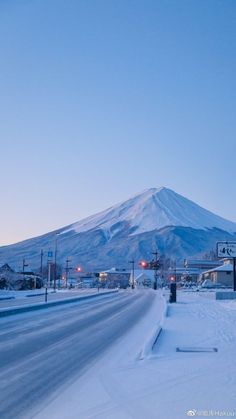 a snow covered road with a mountain in the background at dusk, and street lights on either side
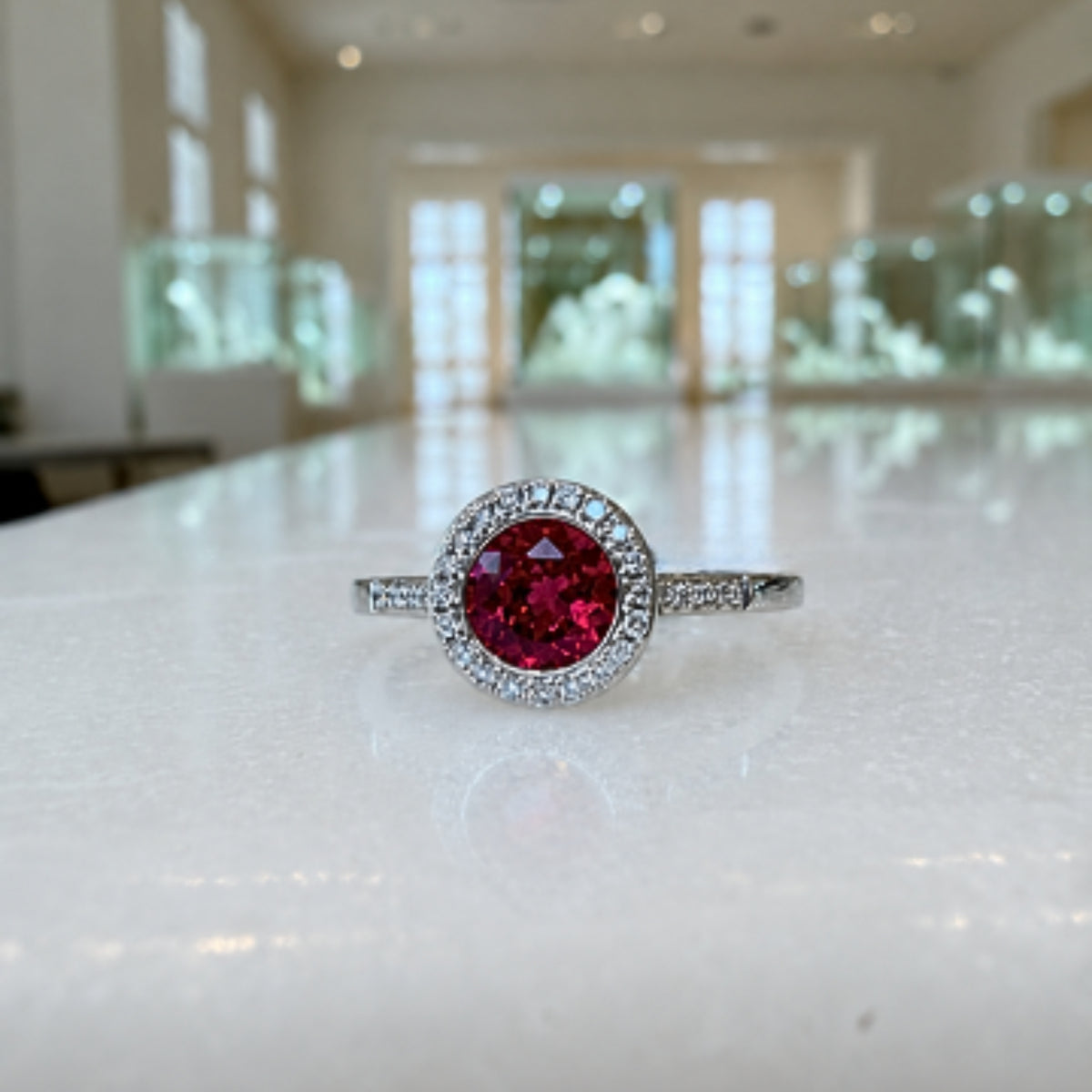 Red Corundum & Diamond Halo Ring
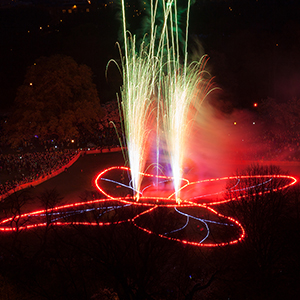 Color photograph of an aerial view of fireworks shooting up from a glowing red outline of a butterfly with blue interior lines on a lawn in a park as a crowd looks on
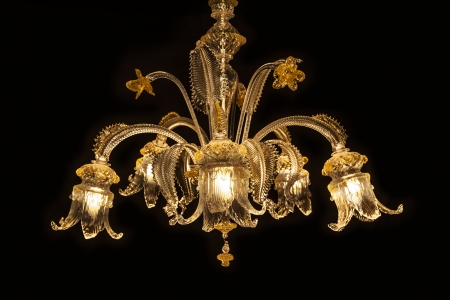 Beautiful chandelier (from Murano Italy) isolated on black background. Murano chandelier glass lighting is made by master glass blowers.の写真素材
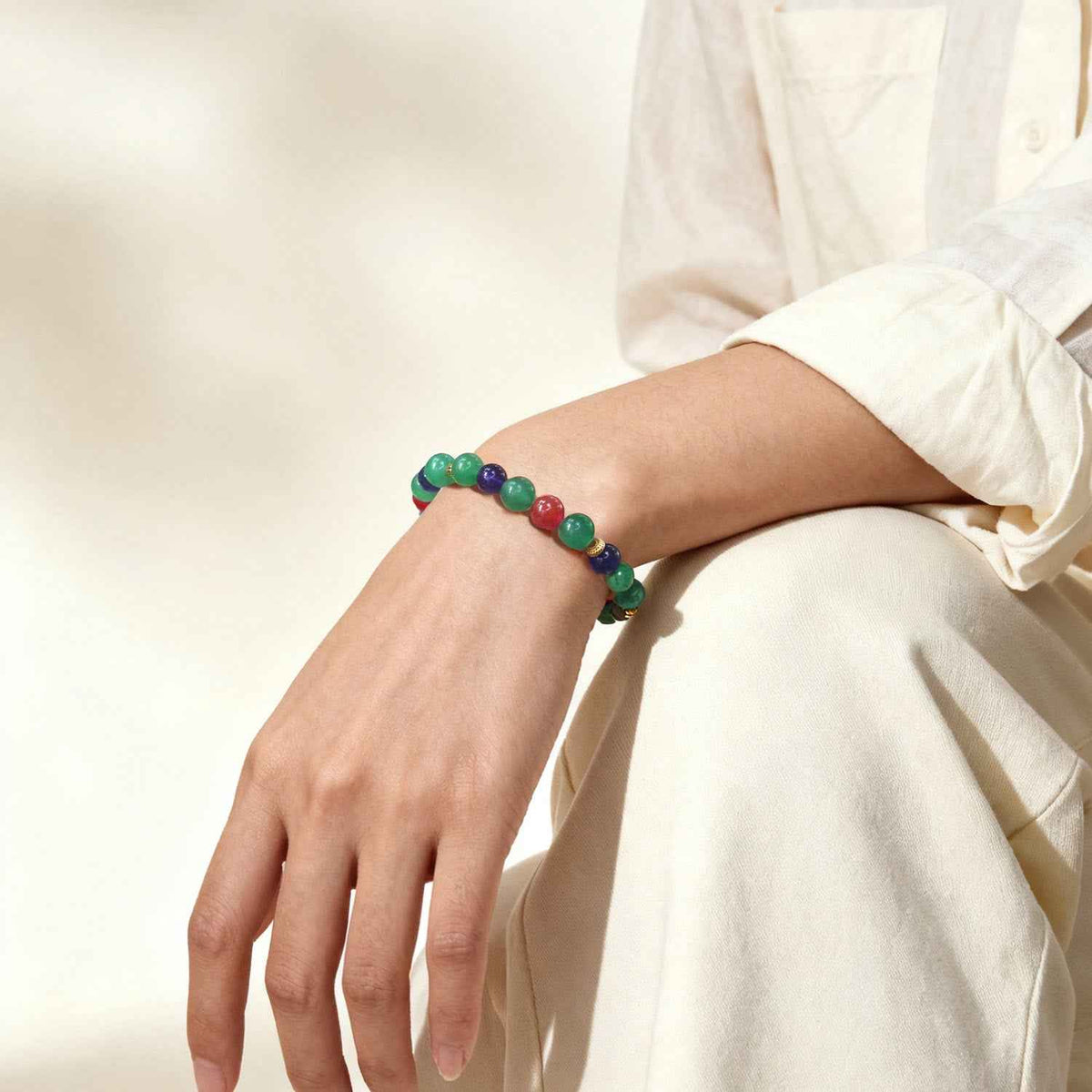 Crystal bead bracelet on wrist with green, purple, and red beads and gold-tone spacers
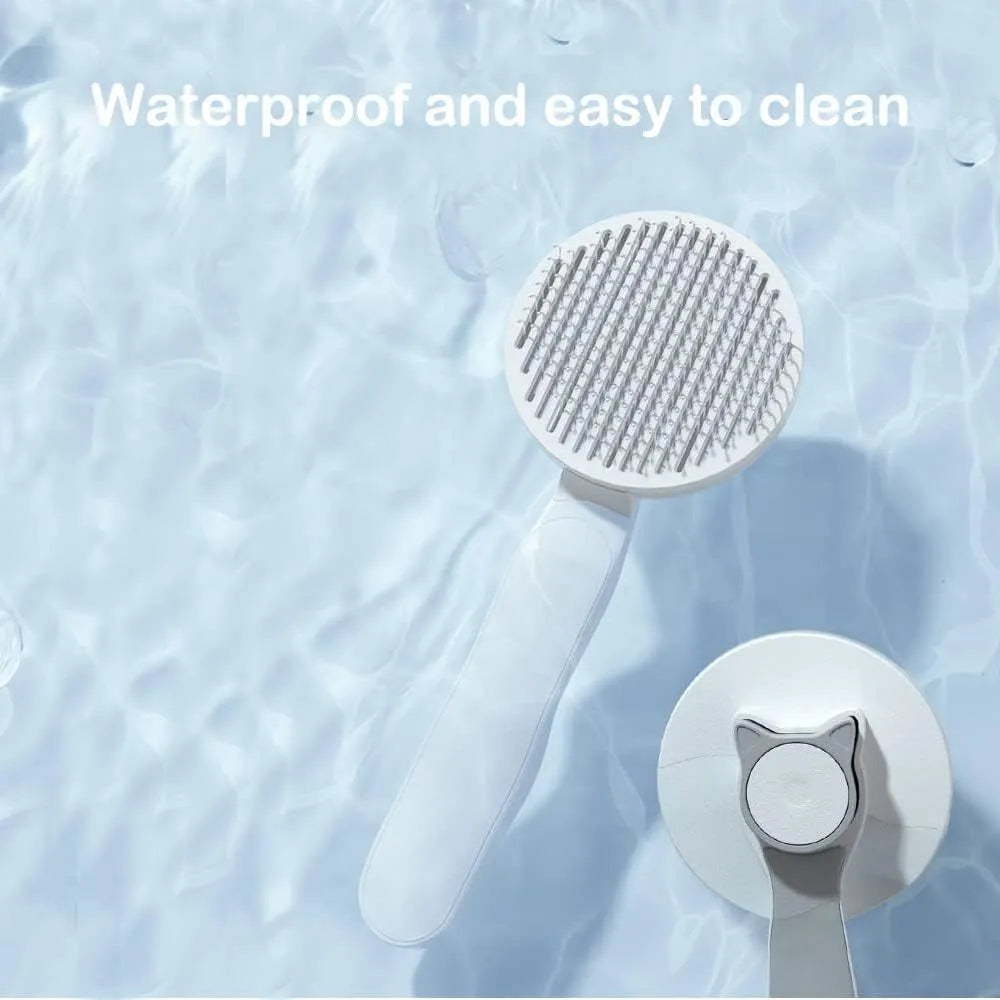 Blue self-cleaning cat brush with a rubber handle and round-tipped metal pins.
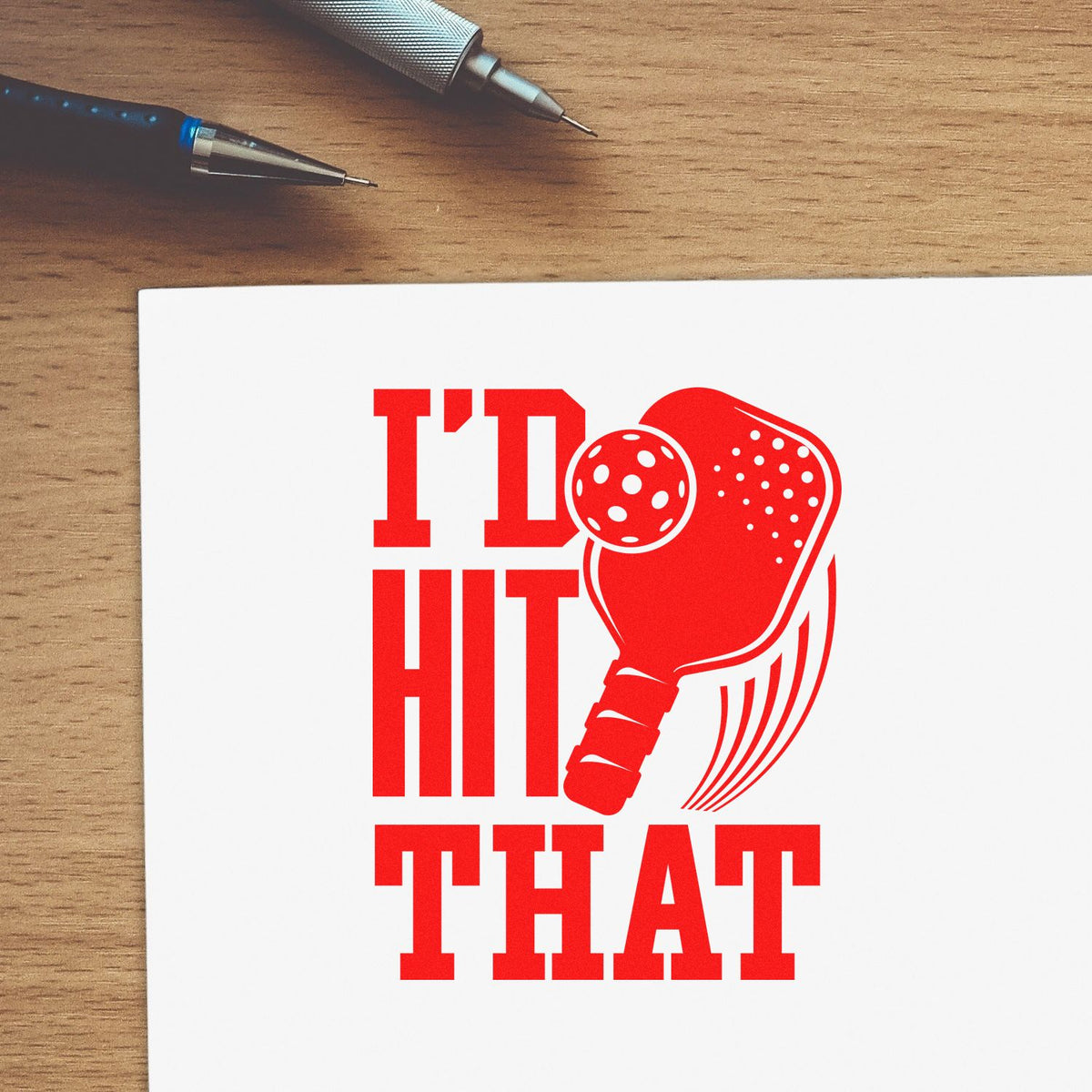 Red pickleball paddle stamp and seal reading Id Hit That on white paper, with pens on a wood desk.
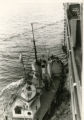 Tug boat with a life boat and a man wearing a hat on deck near a ship in harbor, probably in Bremerhaven.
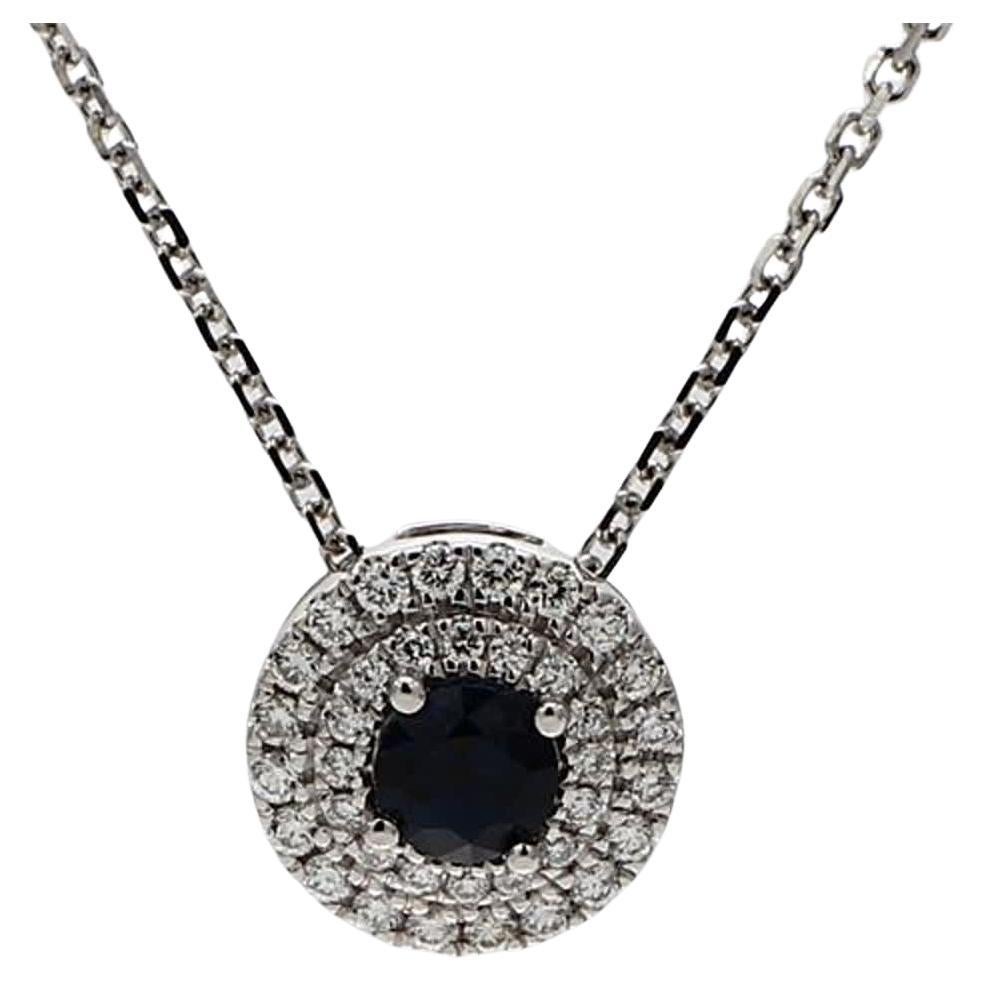 RareGemWorld's classic sapphire pendant. Mounted in a beautiful 18K White Gold setting with a natural round cut blue sapphire. The sapphire is surrounded by natural round white diamond melee in a beautiful double halo. This pendant is guaranteed to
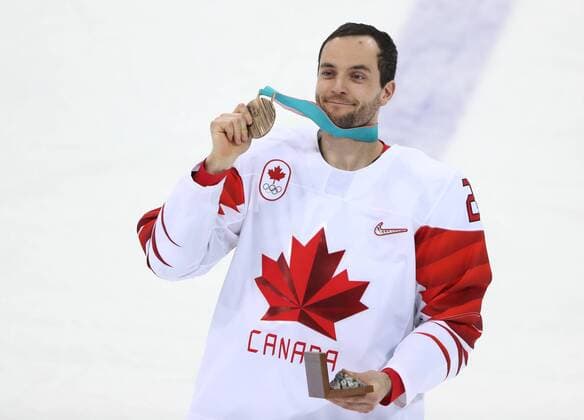 GANGNEUNG, SOUTH KOREA - FEBRUARY 24, 2018: Canada s Stefan Elliott shows his bronze medal after winning the men s bronze medal Ice hockey Eishockey game between the Czech Republic and Canada at Gangneug Hockey Centre at the 2018 Winter Olympic Games Olympische Spiele Olympia OS Canada won the game 6-4. Valery Sharifulin TASS  TS075997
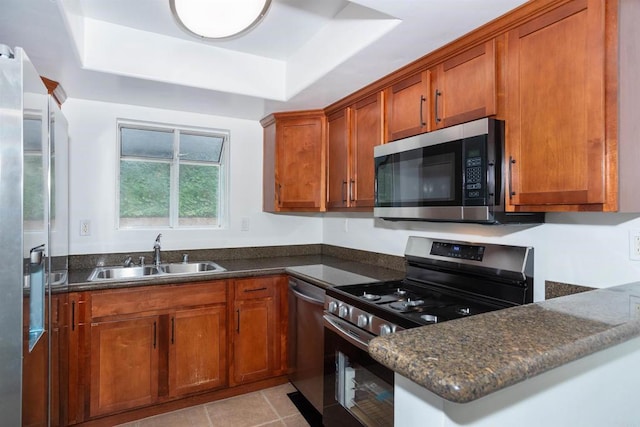 800 Sea Cliff Way Unit 801, Oceanside, CA 92056 - kitchen with stainless steel appliances, a raised ceiling, brown cabinets, and dark stone counters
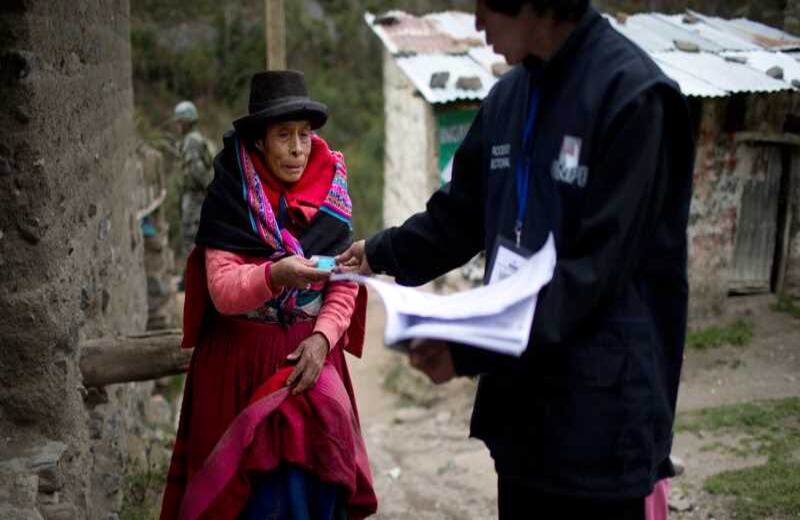 Una indígena Quechua le entrega su identificación a un oficial electoral durante las votaciones presidenciales en Iquicha, Perú.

Task requirements: Beginning with the line in which "800 Sea Cliff" appears, repeat exactly each line down to the close of the material, leaving every picture out.

Output for this exercise:
 800 Sea Cliff Way Unit 801, Oceanside, CA 92056 - kitchen with stainless steel appliances, a raised ceiling, brown cabinets, and dark stone counters
 Una indígena Quechua le entrega su identificación a un oficial electoral durante las votaciones presidenciales en Iquicha, Perú.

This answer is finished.